Nuke, Light Passes and 3D - Dynamic Composites
I art direct magazines and often make little 3D-rendered images for the content. Some are 3D illustrations and some are simply faked photos. This is good for those times when hiring a product photographer is overkill. Some magazines have little white rooms for shooting stuff like this but I don't and I find the quality is lacking if you don't have good studio lighting equipment. Enter the 3D renderer...
This is the nice thing about having skills in 3D to complement your design/art direction – you don't have to rely on others (or worse, stock images) for all your imagery. Sure, people look at me like I'm on crack when I say I use the high-end 3D compositor Nuke for print work but, for dynamic template content which you don't want to re-render, it makes a lot of sense. The benefits of having your separated lights in a floating-point compositor become obvious when you see this:
This gives you a lot of flexibility to control product photography CGI, where lighting plays the major role in making it all sleek-looking. Since all light in 32-bit EXRs is stored as floating-point, there is no danger of degrading the quality with such drastic changes. It's the ultimate RAW file that photographers would kill for.

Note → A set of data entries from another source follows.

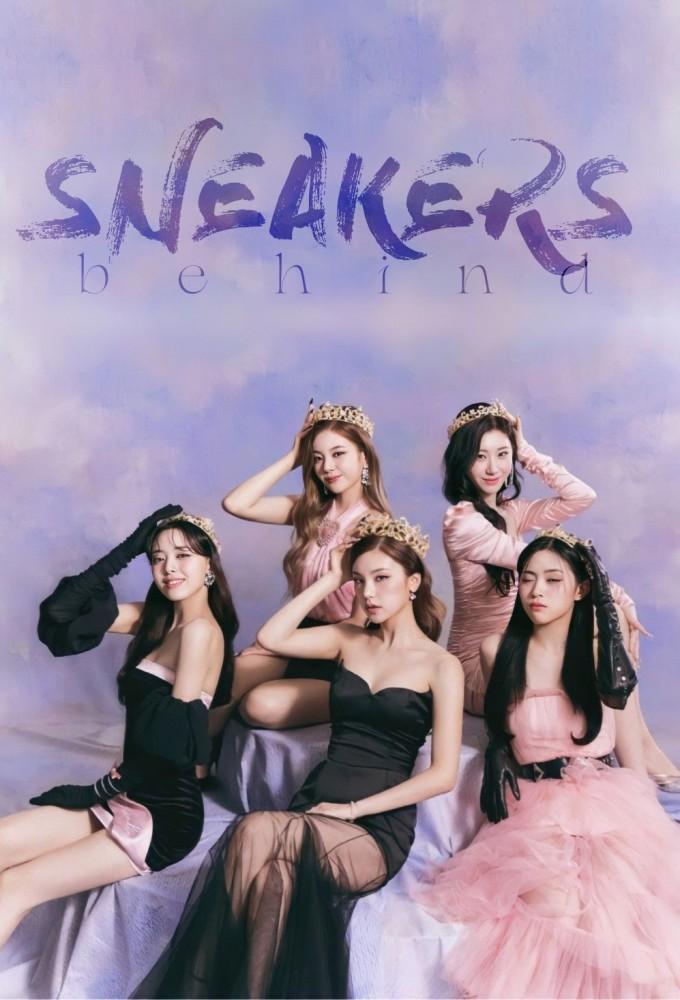 ITZY "SNEAKERS" BEHIND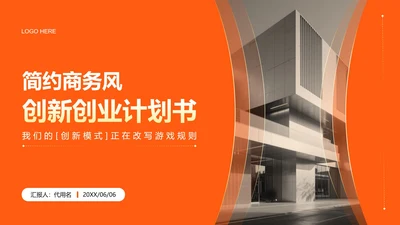 黄色渐变简约商务风大学生创新创业计划书PPT模板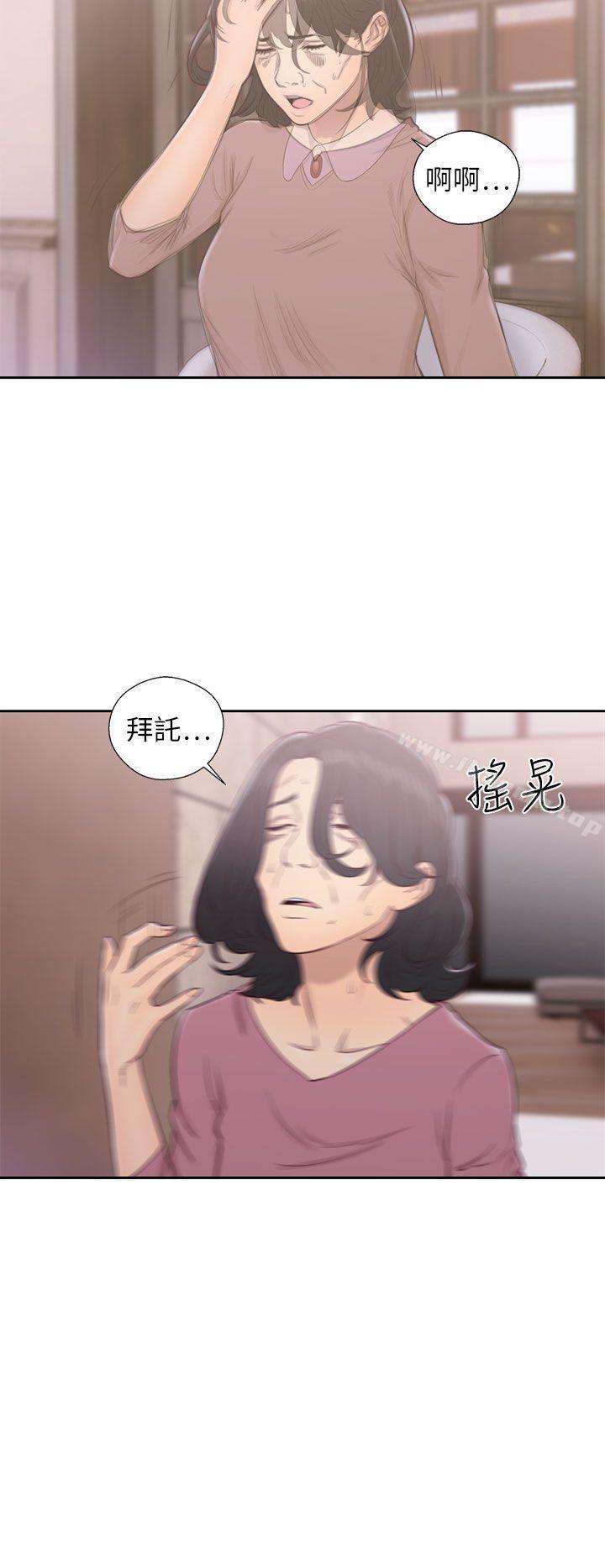 解禁:初始的快感第50话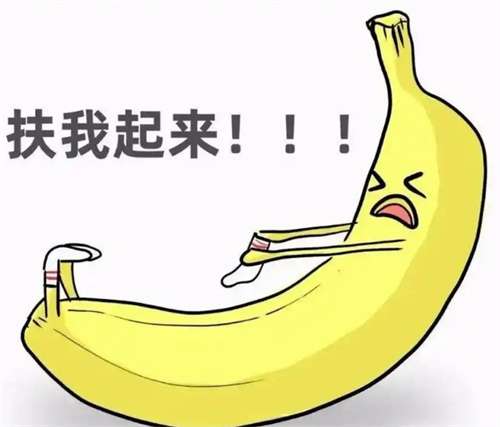 增大增粗手术费用大概多少?有啥危害吗?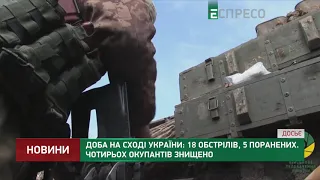 Сутки на Востоке Украины: 18 обстрелов, 5 раненых. Четырех оккупантов уничтожено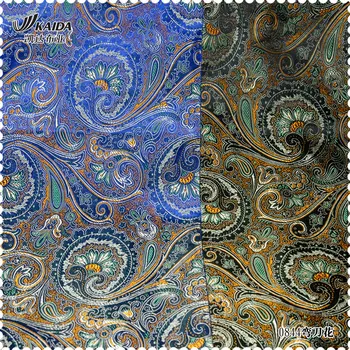 

Silk Brocade Jacquard Silk Cheongsam Beautiful Quilt Fabrics 3 Color Flower Costume Scimitar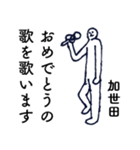 大人の親切で丁寧な言葉「加世田」（個別スタンプ：16）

If you haven't figured out what's going on in the video above, the technique is simple: You render each light with the target objects on a separate render layer and in your compositor, add the resulting EXR images (or any other format that is floating point). In Nuke "Add" is a Merge node in "Plus"mode and in After Effects, it's "Linear Dodge" (Screen mode is similar but clamps the white to prevent clipping).
My latest foray into using these light passes goes further to make the decals completely dynamic so I can just change the image and the whole scene updates with the new art. I'm also using Maxwell for this project. Now, Maxwell isn't the most render-pass friendly renderer (you have to render diffuse and reflection passes as two different renders) but it has a very easy system for outputting lights as separate floating point images (it's called Multilight). Mental Ray for Maya users also have this sweet script called Felix that does something similar. With V-Ray, you have to use Render Layers in Maya, which is a nuisance.
This gets really good when you use Nuke's 3D geometry with these light passes. Export your camera data from Maya with the pass2nuke.mel script (or import an FBX camera into Nuke), import your meshes with UVs and composite the rendered images for a high-quality and dynamic rendering:
Render out a frame and place in your layout:
Next issue, wash, rinse and repeat from another angle. If I wanted to fake the way the ink affects the glossiness, I could easily use the luminance of the rendered image map and have it adjust the reflective pass to create the illusion of glossy ink on a matte page.
Now, that is not a very physically accurate approach (I'm sure Next Limit's people would cry seeing how I used Maxwell here) and in reality there would be some minor colour bleeding that should happen where the pages meet near the spine but it's an easy thing to fake it by painting in a little faux colour bleed in Photoshop. Luckily, most of the magazine pages that I would place in this template are mostly white around the trim so it works out well.